# pdf-reading

> Read local PDFs to extract and verify exact numbers (counts, percentages, tables, figure captions) for papers/questions in this repository. Use this when asked to “read a PDF”, “extract results from the paper”, “verify a statistic”, or “find the exact wording in the paper”.

- Author: Zeger Knops
- Repository: pondevelopment/llm-training
- Version: 20260206165052
- Stars: 0
- Forks: 0
- Last Updated: 2026-02-06
- Source: https://github.com/pondevelopment/llm-training
- Web: https://mule.run/skillshub/@@pondevelopment/llm-training~pdf-reading:20260206165052

---

---
name: pdf-reading
description: Read local PDFs to extract and verify exact numbers (counts, percentages, tables, figure captions) for papers/questions in this repository. Use this when asked to “read a PDF”, “extract results from the paper”, “verify a statistic”, or “find the exact wording in the paper”.
---

## Goal

When you need facts from a paper PDF (counts, percentages, benchmark numbers, claims, limitations), extract *verbatim* evidence from the PDF and compute derived values yourself.

This repository’s content often depends on exact values from tables/figures (not abstracts). Always bias toward **precision and traceability**.

## Process

1. **Locate the PDF**
   - Search the repo for `.pdf` files.
   - If a paper directory contains a source PDF, prefer that.
   - If the only PDF is in `tmp/` or the repo root, confirm it corresponds to the paper in question before using it.

2. **Extract text locally (no network fetches)**
   - Prefer a local text extraction flow:
     - Use `.github/skills/pdf-reading/extract_pdf_text.py` to create a plain-text copy in `tmp/`.
     - If extraction fails, try a different backend (`pypdf` vs `pdftotext`) or fall back to manual inspection.
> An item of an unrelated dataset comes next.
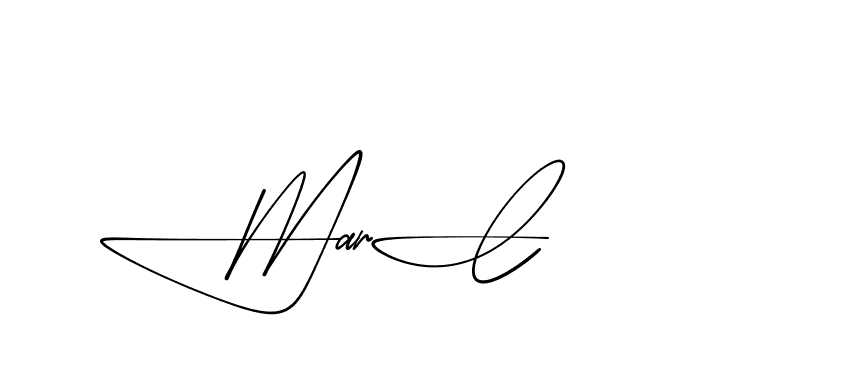 The best way (AishaScript-DO4Xd) to make a short signature is to pick only two or three words in your name. The name Ceard include a total of six letters. For converting this name. Ceard signature style 2 images and pictures png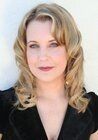 Дианна Ходжес / Deanna Hodges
3. **Search within the extracted text**
   - Use targeted queries first (unique phrases, table titles, “Table 2”, “Appendix”, metric names).
   - For numbers, search patterns like `n=`, `N=`, `(`, `%)`, `Table`, `Figure`.

4. **Verify statistics (repo requirement)**
   - Prefer raw counts (e.g., “31/50”) over percentages when available.
   - If the paper gives counts, compute percentages yourself: $\text{pct} = 100 \times \frac{\text{numerator}}{\text{denominator}}$.
   - If a value is ambiguous (multiple similar tables/ablations), capture the surrounding label/context.
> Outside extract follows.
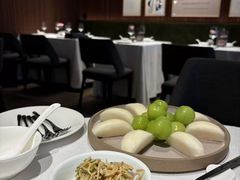 -食廬(浦东嘉里城店)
5. **Handle common PDF pitfalls**
   - **Hyphenation and line breaks:** words may be split across lines; search both with and without hyphens.
   - **Tables:** extracted text may be messy; search by row/column headers and unique tokens.
   - **Scanned PDFs:** text extraction may fail; use manual reading if needed.

## Output expectations

- When updating a question/paper, report the exact extracted phrase/value and where it came from (section/table/figure name).
- If you cannot reliably extract the needed value, explicitly say so and propose next steps (e.g., manual verification).

## Commands

- Extract text:
   - `python3 .github/skills/pdf-reading/extract_pdf_text.py path/to/paper.pdf`

- Extract to a specific file:
   - `python3 .github/skills/pdf-reading/extract_pdf_text.py path/to/paper.pdf --out tmp/paper.txt`

## Repository conventions to respect

- Keep diffs minimal and consistent with existing patterns.
- Park derived artifacts under `tmp/` (gitignored).
- Don’t add new dependencies unless explicitly requested; prefer optional tooling or clear fallbacks.